The gens is the way to understand Society and how it operated before the State got in the way and possession became 9/10 of the law. Society still exists in the remaining tenth but has become increasingly dislocated by 150 successive generations of State activity. So, as a human in pre-State Society, how were things arranged?
It may be unfamiliar, and strange but this is how it worked in varying degrees of evolution throughout the major part of the history of humanity.
I am a man. I meet a woman. We decide to breed, or we’re just having sex. Either way there’s a baby, same as ever. I now enter the realm of the Gens and its relationships.
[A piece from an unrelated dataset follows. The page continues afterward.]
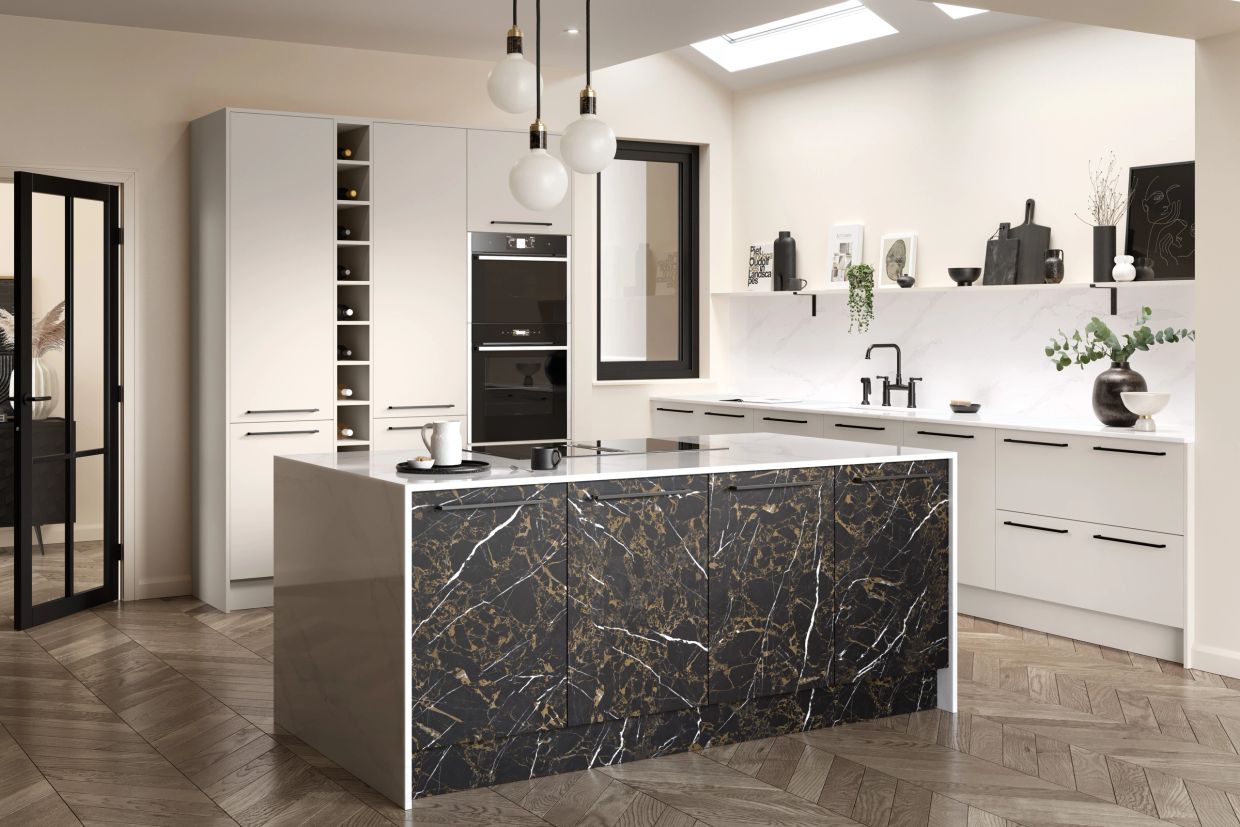 Modern kitchen with marble island and white cabinets.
Now let us travel beyond the preconceptions of what we consider allowable within our contemporary moral framework. Let us lay moral judgement to one side. Anyone with a prior knowledge of Polyamory however, will maybe find the following arrangement easier to understand and accept.
It should be carefully noted by all who are concerned by sexual freedom beyond monogamy that there is no compulsion for anyone to engage with anyone else should they choose not to. Indeed the solution proposed here to solve our existential crisis does not rely on necessarily extending our sexual relationships at all. It only relies on building numbers to huge proportions through extending the family unit. Monogamy or indeed sexual abstention is a right should a person choose to exercise it. It is however important to understand how the system worked if we are to adopt it. But as with any modern adoption of a traditional system, we can take what we need to suit our requirements. So let us remain open minded in exploring the operation of the Gens in its entirety before then deciding what we wish to take from it.
To return to the man and the woman and their new baby. I am with her and with her sisters, equally. There is no compulsion for this new, wider set of sexual relations to occur but it is not forbidden, There is no exclusive possession. She is with me and with my brothers, equally. No exclusive possession. This system, this culture, is not as familiar with the idea of possession as we are, regarding land or other people.
To be drawn together we abandon all mechanisms that unnecessarily force us apart.
Her child may be mine or it may be the child of one of my brothers. Her sister’s child may be mine. The child’s mothers are its natural mother and her sisters, without distinction. There are no “Aunts” so far. The child’s fathers are his natural father (if known) and all his father’s brothers, without distinction. There are no “Uncles” so far. The child’s brothers and sisters are all the children of the mother and all her sisters. There are no “Cousins” so far.
Let us now consider the arrangement from the point of view of that often-forgotten rights-holder within the family – the child.
When I was about 10 years old, I visited my Aunt and Uncle in their new house. My Uncle was there with two of his very good friends, who I had not seen since his wedding. He is distantly related to one of them. The three of them together with myself and my two siblings had a game of croquet. As the afternoon wore on, I remember feeling that I wanted this more often, that I wanted these men to be around for me, to play a bigger part in my life. I felt rather over-exposed to those people I called my parents and terribly under-exposed to other trusted adults. I don’t remember feeling that around teachers. It was the other adults around my family and their close friends that I wanted to see more. That afternoon was never repeated and I next saw my Uncle’s friends at my Aunt’s funeral over 40 years later.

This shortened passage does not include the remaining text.